851.85.  Whenever a person is acquitted of a charge and it appears
to the judge presiding at the trial wherein such acquittal occurred
that the defendant was factually innocent of the charge, the judge
may order that the records in the case be sealed, including any
record of arrest or detention, upon the written or oral motion of any
party in the case or the court, and with notice to all parties to
the case. If such an order is made, the court shall give to the
defendant a copy of such order and inform the defendant that he may
thereafter state that he was not arrested for such charge and that he
was found innocent of such charge by the court.

851.86.  Whenever a person is convicted of a charge, and the
conviction is set aside based upon a determination that the person
was factually innocent of the charge, the judge shall order that the
records in the case be sealed, including any record of arrest or
detention, upon written or oral motion of any party in the case or
the court, and with notice to all parties to the case. If such an
order is made, the court shall give the defendant a copy of that
order and inform the defendant that he or she may thereafter state he
or she was not arrested for that charge and that he or she was not
convicted of that charge, and that he or she was found innocent of
that charge by the court. The court shall also inform the defendant
of the availability of indemnity for persons erroneously convicted
pursuant to Chapter 5 (commencing with Section 4900) of Title 6 of
Part 3, and the time limitations for presenting those claims.

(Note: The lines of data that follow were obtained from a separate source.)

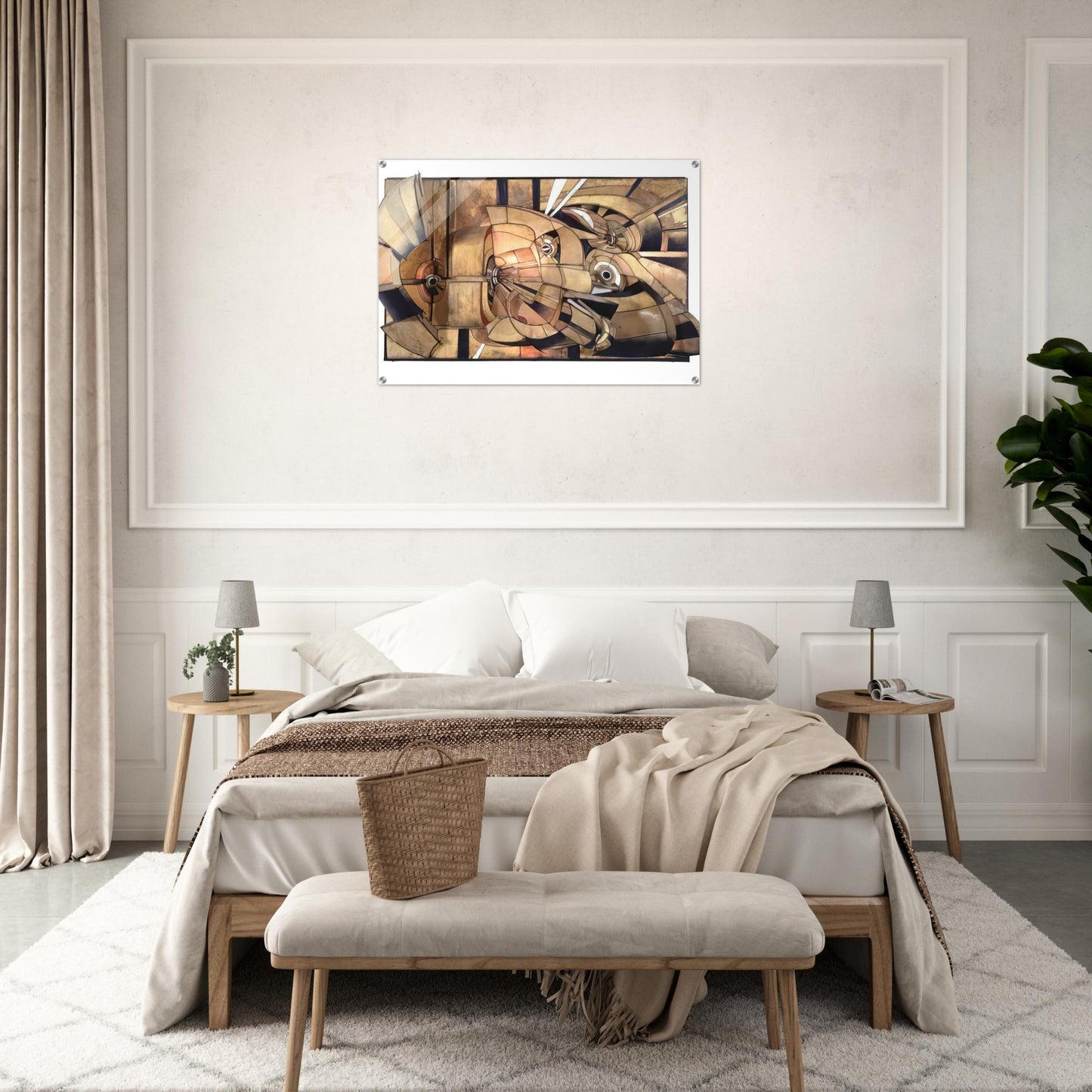 UNTITLED 1966 - Lee Bontecou Acrylic Print - 70x100 cm / 28x40″ inches | Lee Bontecou Wall Art | Lee Bontecou Prints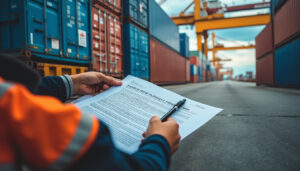 Porte-conteneurs à quai, illustration des flux logistiques entre la France et le Moyen-Orient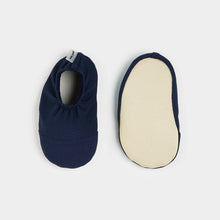 Load image into Gallery viewer, Petite Lem Boys Dress Blues Ribbed Swim Slippers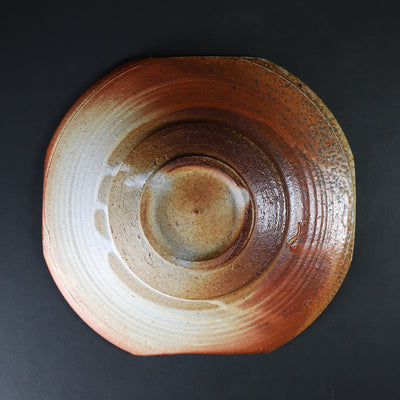 Myers Shino square plate by Takashi Nakazato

851.90.  (a) (1) Whenever a person is diverted pursuant to a drug
diversion program administered by a superior court pursuant to
Section 1000.5 or is admitted to a deferred entry of judgment program
pursuant to Section 1000 or 1000.8, the person successfully
completes the program, and it appears to the judge presiding at the
hearing where the diverted charges are dismissed that the interests
of justice would be served by sealing the records of the arresting
agency and related court files and records with respect to the
diverted person, the judge may order those records and files to be
sealed, including any record of arrest or detention, upon the written
or oral motion of any party in the case, or upon the court's own
motion, and with notice to all parties in the case.
   (2) If the order is made, the clerk of the court shall thereafter
not allow access to any records concerning the case, including the
court file, index, register of actions, or other similar records.
   (3) If the order is made, the court shall give a copy of the order
to the defendant and inform the defendant that he or she may
thereafter state that he or she was not arrested for the charge.
   (4) The defendant may, except as specified in subdivisions (b),
(c), and (d), indicate in response to any question concerning the
defendant's prior criminal record that the defendant was not arrested
or granted statutorily authorized drug diversion or deferred entry
of judgment for the offense.
   (5) Subject to subdivisions (b), (c), and (d), a record pertaining
to an arrest resulting in the successful completion of a statutorily
authorized drug diversion or deferred entry of judgment program
shall not, without the defendant's permission, be used in any way
that could result in the denial of any employment, benefit, or
certificate.
   (6) Sealing orders made pursuant to this subdivision shall not be
forwarded to the Department of Justice to be included or notated in
the department's manual or electronic fingerprint image or criminal
history record systems. Any sealing order made pursuant to this
subdivision and received by the Department of Justice need not be
processed by the department.
   (b) The defendant shall be advised that, regardless of the
defendant's successful completion of a statutorily authorized drug
diversion or deferred entry of judgment program, the arrest upon
which the case was based shall be disclosed by the Department of
Justice in response to any peace officer application request, and
that, notwithstanding subdivision (a), this section does not relieve
the defendant of the obligation to disclose the arrest in response to
any direct question contained in any questionnaire or application
for a position as a peace officer, as defined in Section 830.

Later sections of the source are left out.